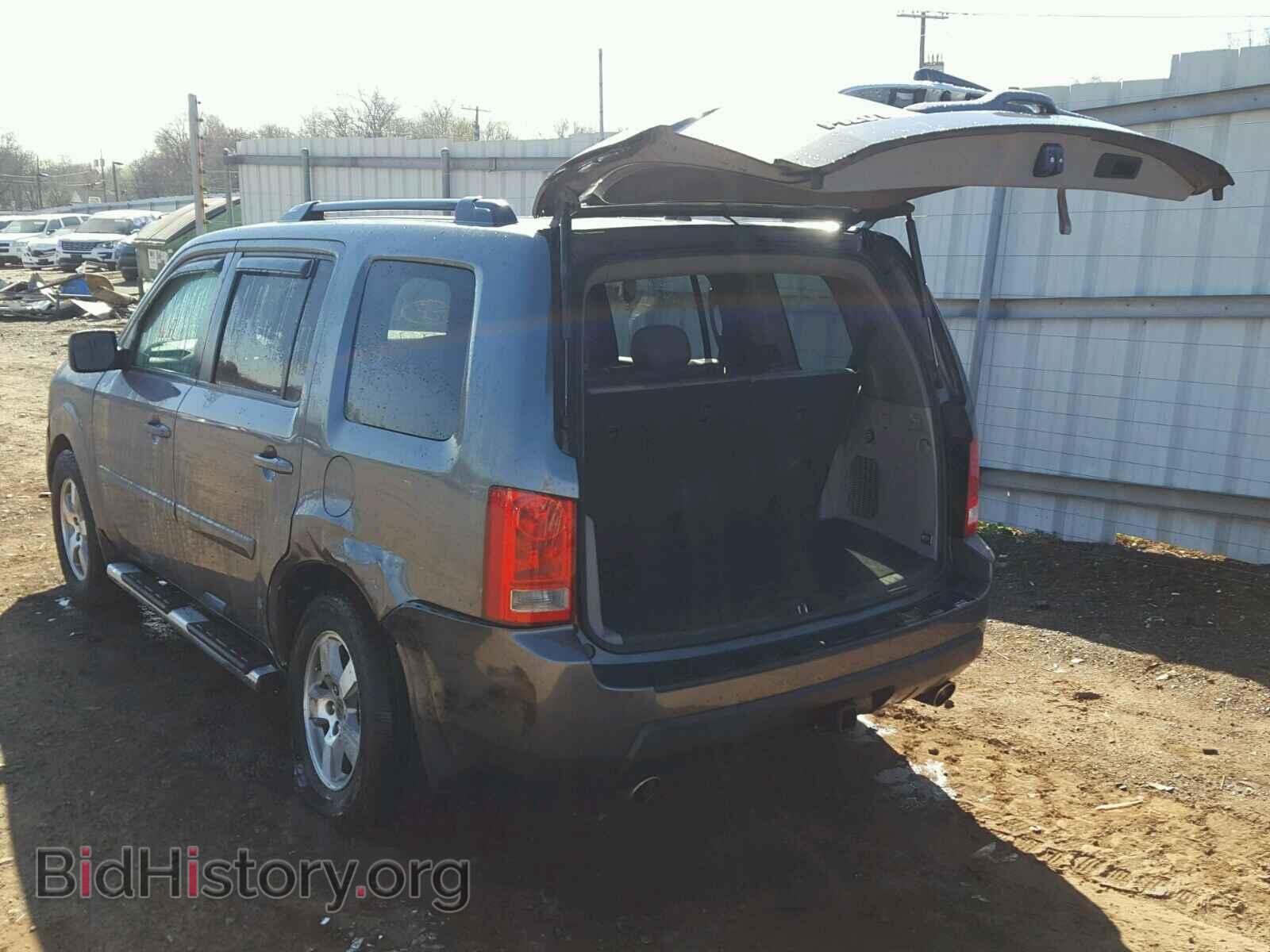 2011 HONDA PILOT - VIN: 5FNYF4H59BB035780 - Фото 3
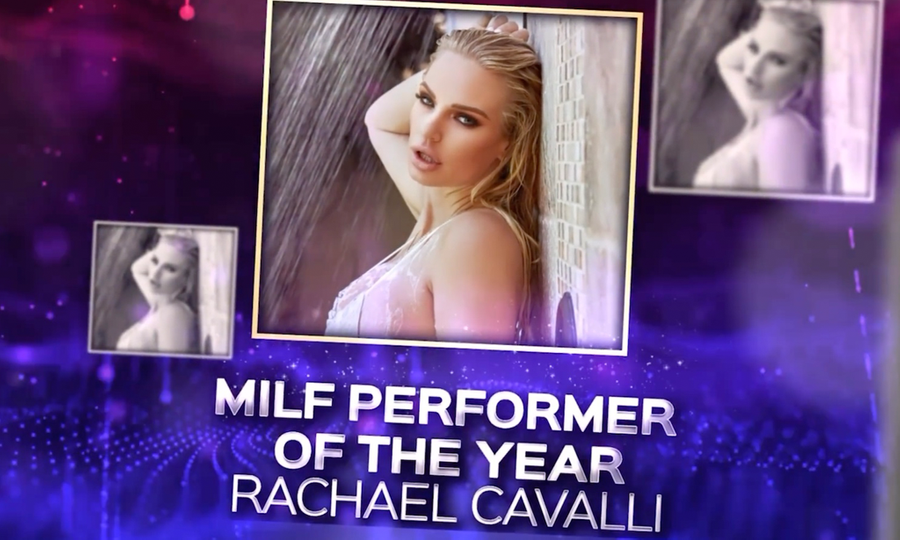 Rachael Cavalli Wins Urban X Awards' MILF Performer of the Year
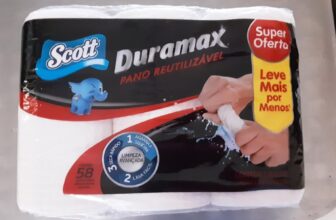 ISSO É MUITO PRÁTICO Pano Scott Duramax Multiuso – 174 panos DE 38 | POR 27,90 h…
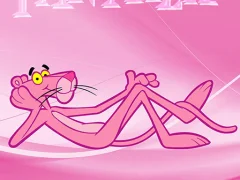 Cluiche Pink Panther Jigsaw Puzzle Collection ar líne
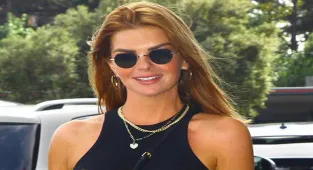 Pelin Karahan'ın spor şıklığı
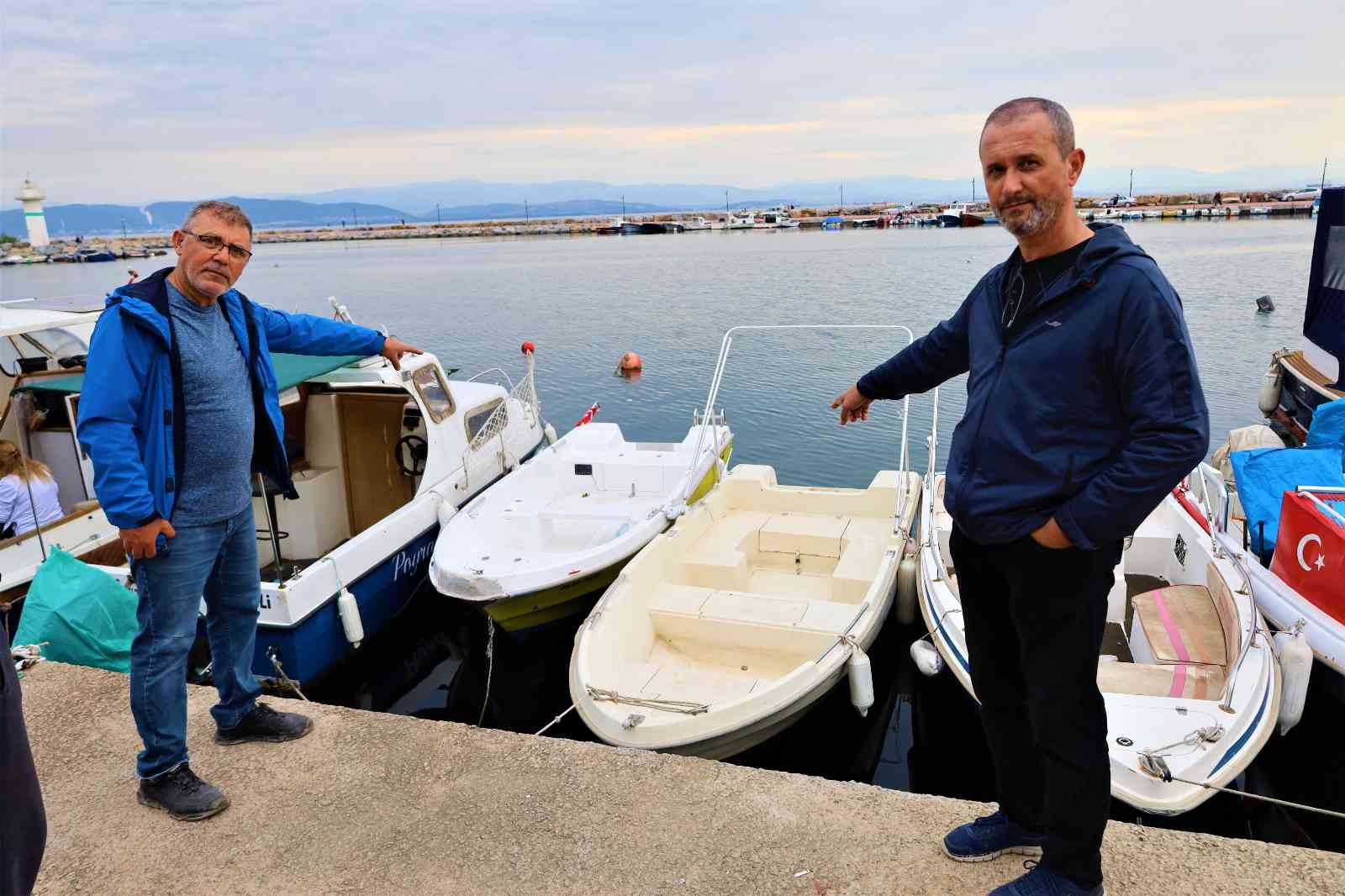 Binlerce liralık tekne motorlarını çaldılar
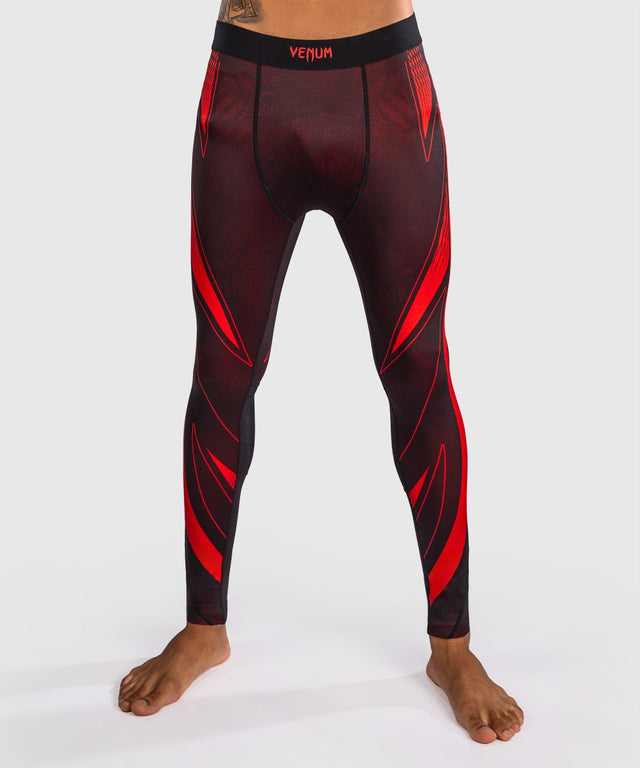 Venum Kompressionsshorts Amazonia Reborn - Schwarz/Rot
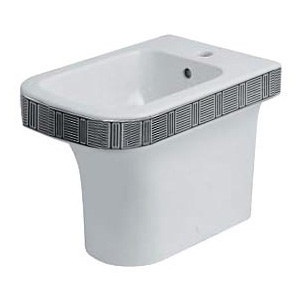 Биде напольное Azzurra Tulip TUVI500B1/M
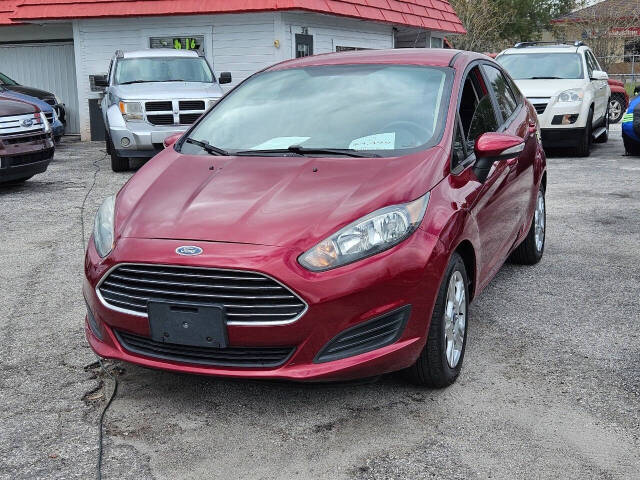 2015 Ford Fiesta for sale at JOHNS AUTO SALES LLC in Apopka, FL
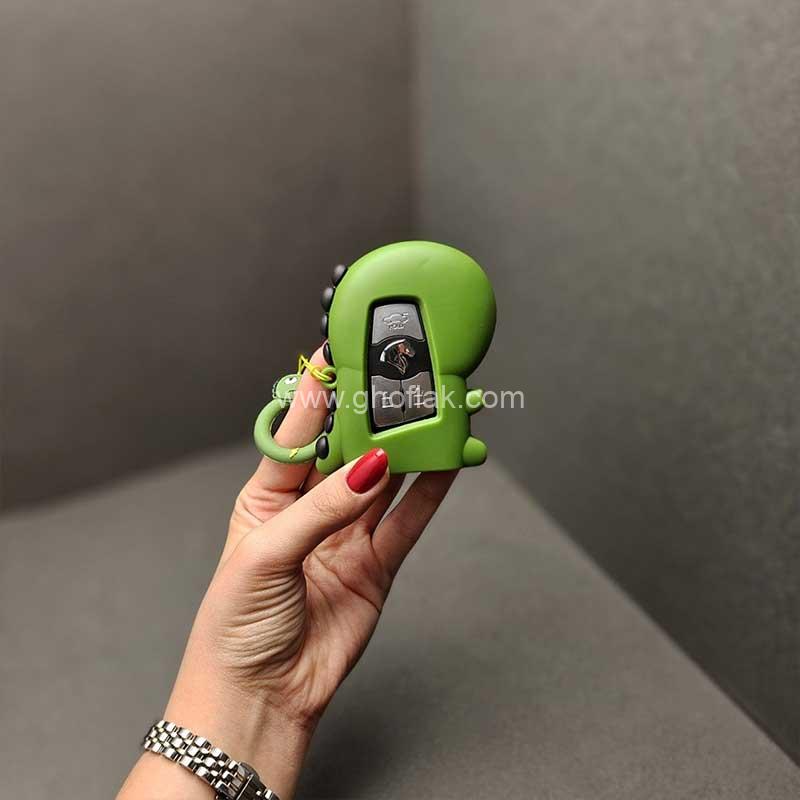 کاور ریموت تارا اتومات و دنا آپشنال کیلس سیلیکونی عروسکی دایناسور
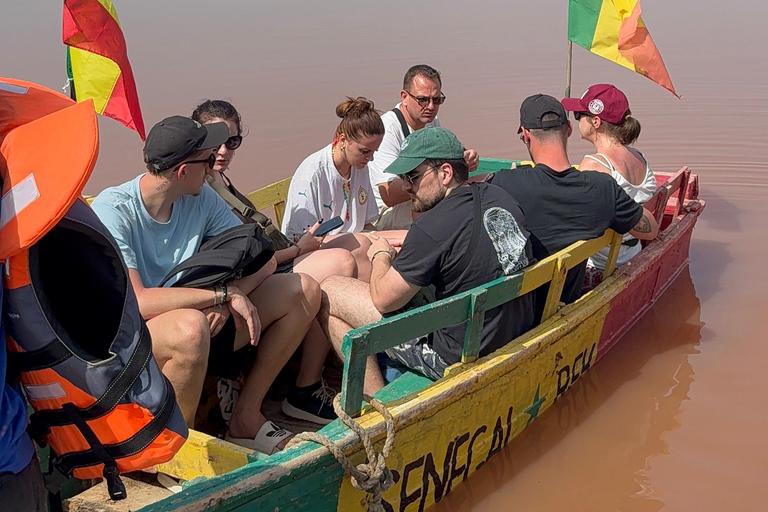 Dakar: Pink Lake Tour with Quad Bike + Pirogue and Lunch Included Dakar: Tour to the Pink Lake with Quad + Pirogue and Lunch included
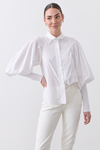 ELISSA COTTON SHIRT (OPTICAL WHITE)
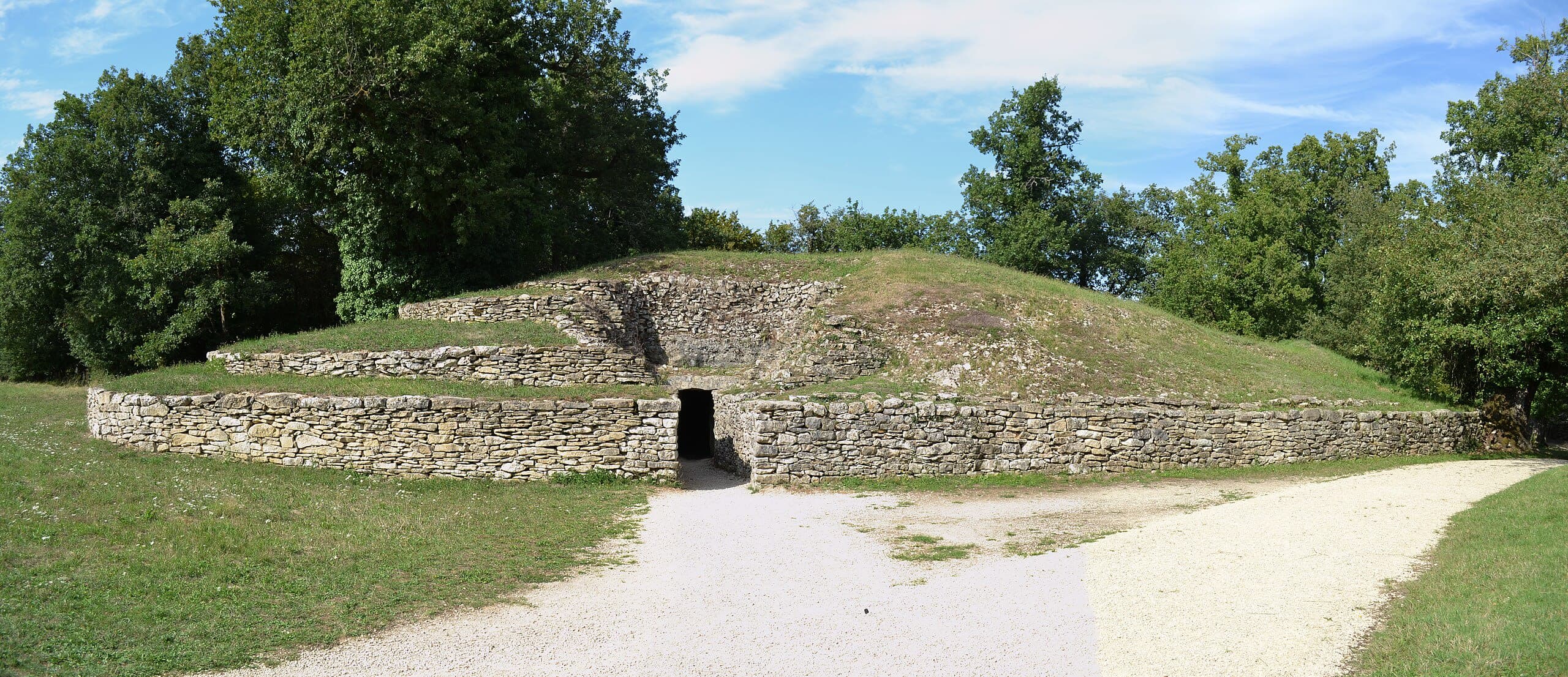 Tumulus of Bougon, Bougon, France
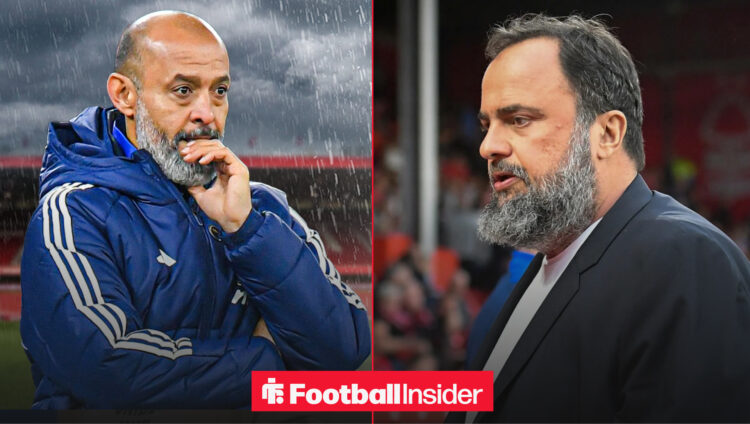 Marinakis, Espirito Santo Nottingham Forest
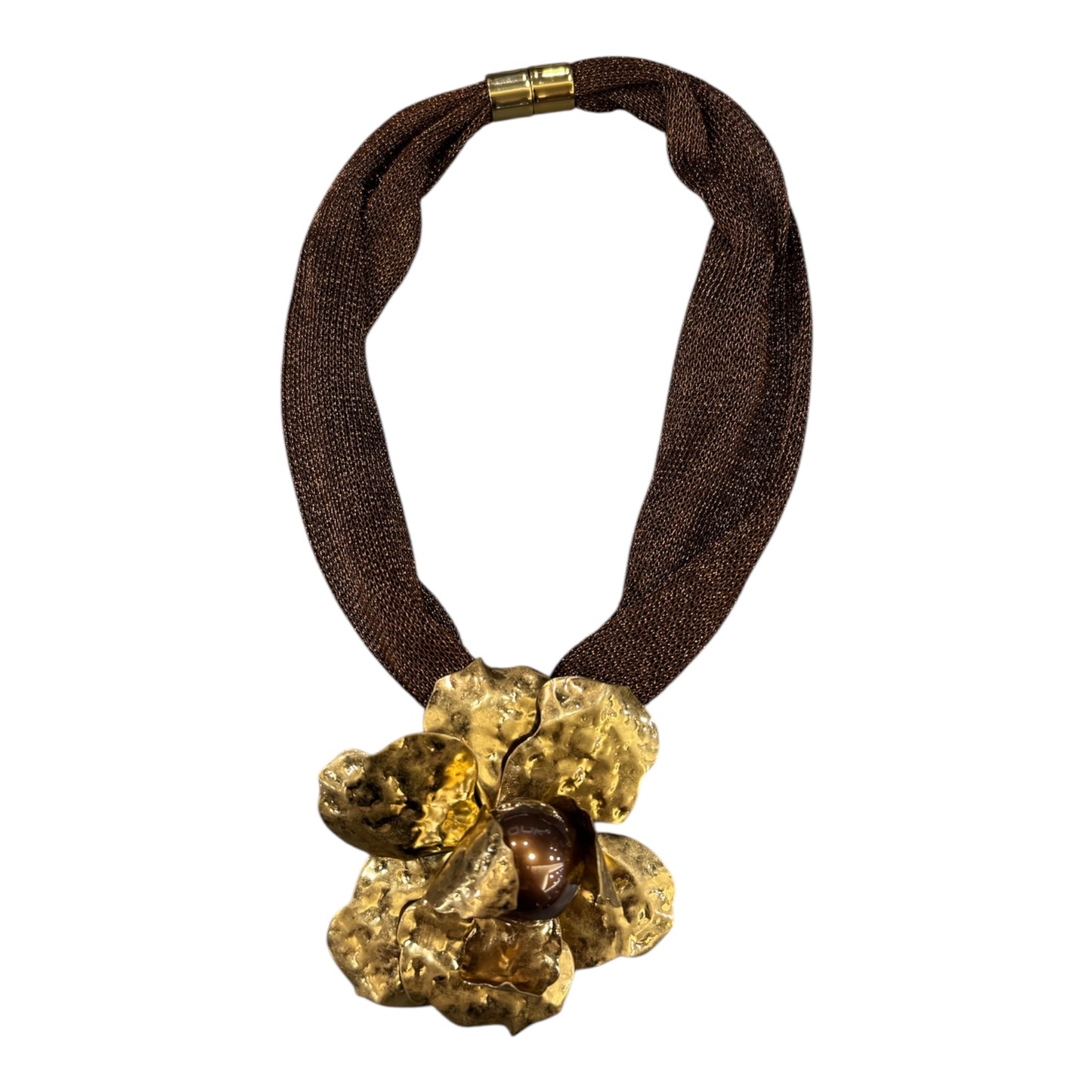 Collar flor
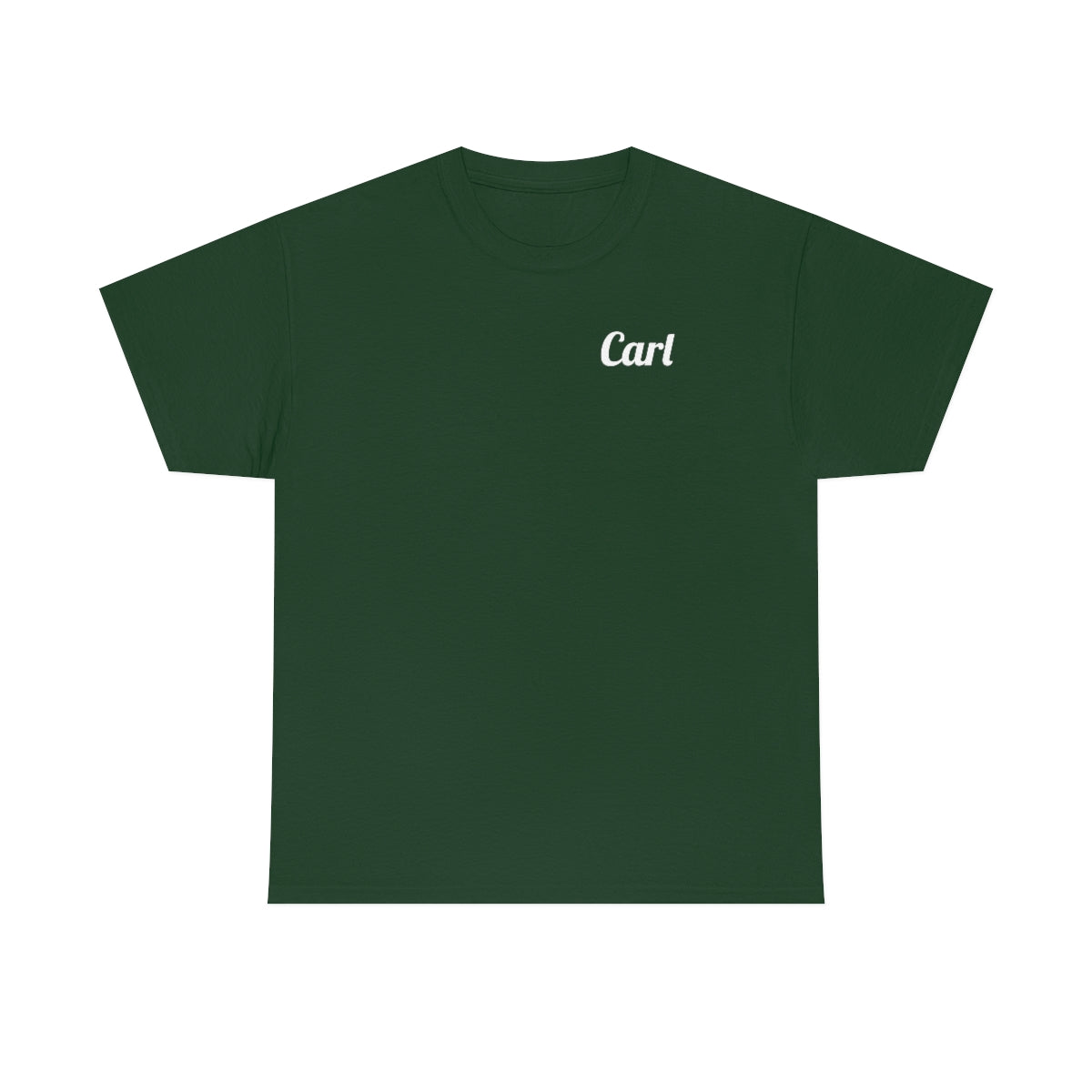 Carl's Unisex Heavy Cotton Tee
---+---
TASK INSTRUCTIONS — Each of the entries above must be output exactly, with none of the pictures.

SOLUTION —
 2011 HONDA PILOT - VIN: 5FNYF4H59BB035780 - Фото 3
 Rachael Cavalli Wins Urban X Awards' MILF Performer of the Year
 ISSO É MUITO PRÁTICO Pano Scott Duramax Multiuso – 174 panos DE 38 | POR 27,90 h…
 Cluiche Pink Panther Jigsaw Puzzle Collection ar líne
 Pelin Karahan'ın spor şıklığı
 Binlerce liralık tekne motorlarını çaldılar
 Venum Kompressionsshorts Amazonia Reborn - Schwarz/Rot
 Биде напольное Azzurra Tulip TUVI500B1/M
 2015 Ford Fiesta for sale at JOHNS AUTO SALES LLC in Apopka, FL
 کاور ریموت تارا اتومات و دنا آپشنال کیلس سیلیکونی عروسکی دایناسور
 Dakar: Pink Lake Tour with Quad Bike + Pirogue and Lunch Included Dakar: Tour to the Pink Lake with Quad + Pirogue and Lunch included
 ELISSA COTTON SHIRT (OPTICAL WHITE)
 Tumulus of Bougon, Bougon, France
 Marinakis, Espirito Santo Nottingham Forest
 Collar flor
 Carl's Unisex Heavy Cotton Tee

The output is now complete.